Esta é uma história feita por faltas.
É por não haver uma mãe e é por não haver um amante que somos conduzidos pela mão de uma menina como a um violino, instrumento a que se dedica em seus dias de infância e que lhe dão a certeza de sua limitação.
Somos guiados por uma narradora que diz: “envelheci, e ainda tenho nove anos”.
Este é o primeiro de alguns jogos de espelhos dos quais se compõe esta Suíte de silêncios.
É com uma voz de criança, que descobre o mundo pela primeira vez, que Duína vai nos apresentando o fio desencapado de sua história. É pelo que não se diz que vamos adivinhando e construindo os roteiros possíveis da trama. Uma história adulta pelo olhar de uma menina.

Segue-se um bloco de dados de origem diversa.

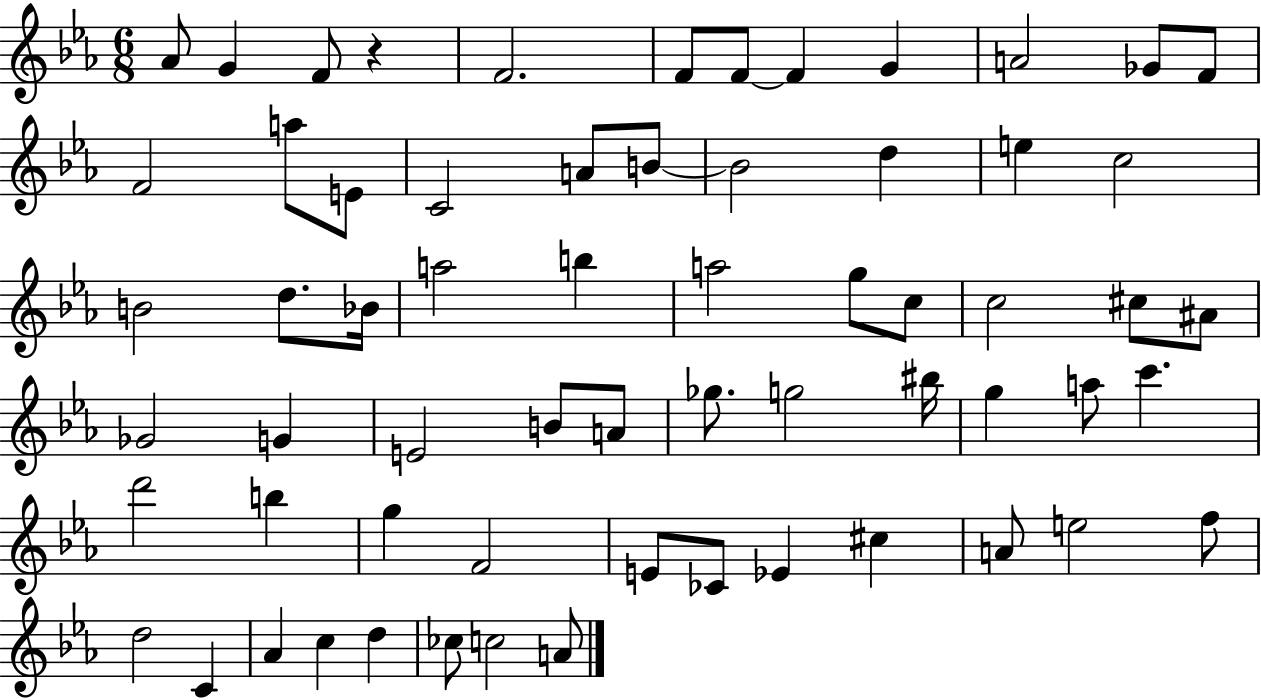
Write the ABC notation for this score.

X:1
T:Untitled
M:6/8
L:1/4
K:Eb
_A/2 G F/2 z F2 F/2 F/2 F G A2 _G/2 F/2 F2 a/2 E/2 C2 A/2 B/2 B2 d e c2 B2 d/2 _B/4 a2 b a2 g/2 c/2 c2 ^c/2 ^A/2 _G2 G E2 B/2 A/2 _g/2 g2 ^b/4 g a/2 c' d'2 b g F2 E/2 _C/2 _E ^c A/2 e2 f/2 d2 C _A c d _c/2 c2 A/2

Na outra direção, no lado de lá do espelho, temos uma Duína que interroga, que constrói um outro memorial, só que desta vez, da perda do homem amado, e o faz numa voz lírica, de alta voltagem poética, capaz de ver uma “manhã” que escorria “devagar do céu nacarado, lambendo vestígios da noite, tingindo de possível o nosso milagre”.

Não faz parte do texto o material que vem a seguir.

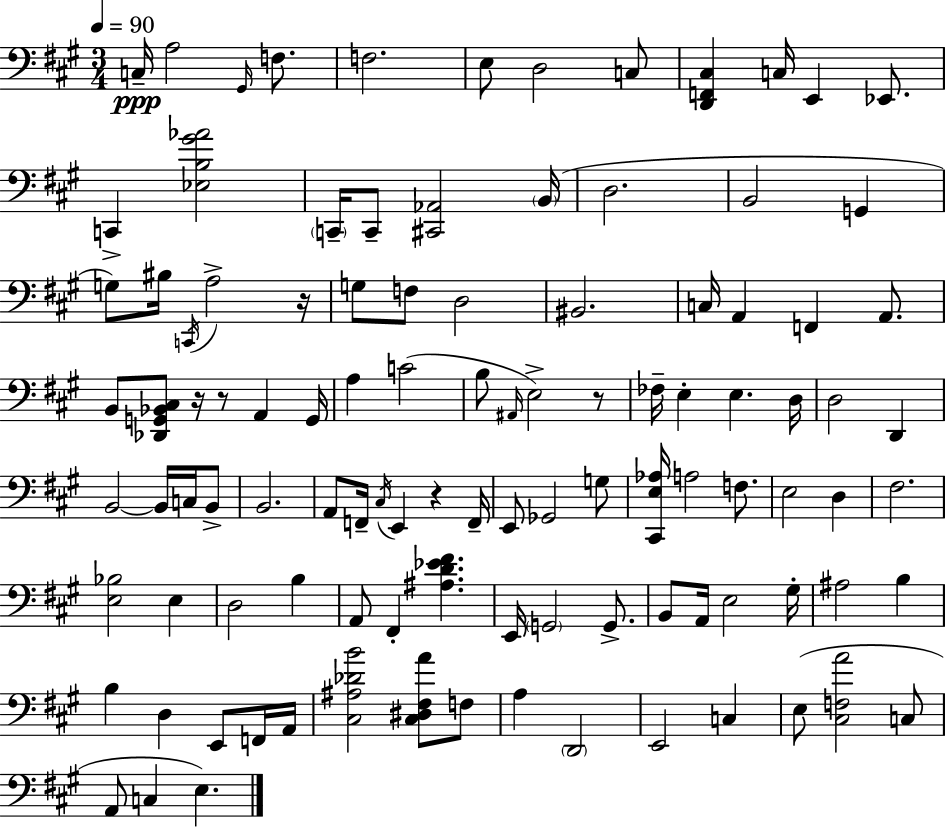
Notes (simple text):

É possível, sim, inverter a sentença do poeta William Wordsworth que dizia: “o menino é o pai do homem” e, após ler Marília, pronunciar: “a menina é a mãe da mulher”.

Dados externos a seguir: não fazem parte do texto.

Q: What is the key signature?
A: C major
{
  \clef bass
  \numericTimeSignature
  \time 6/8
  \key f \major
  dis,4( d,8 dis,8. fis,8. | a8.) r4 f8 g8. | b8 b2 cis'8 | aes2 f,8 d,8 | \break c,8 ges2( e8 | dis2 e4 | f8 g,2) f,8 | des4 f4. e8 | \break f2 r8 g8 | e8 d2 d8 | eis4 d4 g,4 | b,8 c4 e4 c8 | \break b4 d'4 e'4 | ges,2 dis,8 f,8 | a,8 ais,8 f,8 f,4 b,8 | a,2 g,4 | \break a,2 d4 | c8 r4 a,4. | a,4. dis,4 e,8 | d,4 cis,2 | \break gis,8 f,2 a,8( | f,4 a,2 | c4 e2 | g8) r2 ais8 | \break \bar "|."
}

Porém, nesta outra dança de espelhos, neste sequência de ponto e contraponto, de campo e contra campo, por mais que à primeira vista, o feminino grito, seja na voz da filha que reclama pela mãe, seja na amante que lamenta a perda do amado, Duína repete e continua o pai, ele também, e principalmente, um ser corroído pelo silêncio e abandonado pelo seu amor.
E que nós, ao nos abeiramos dos abismos dessa Duína, que faz de sua dor uma nota musical, imitemos uma de suas manias de menina, a de seguir, anonimamente, o caminho de pessoas estranhas.
Não seria esta a grande aventura narrativa? A de quereremos saber até onde vai o caminho dos outros?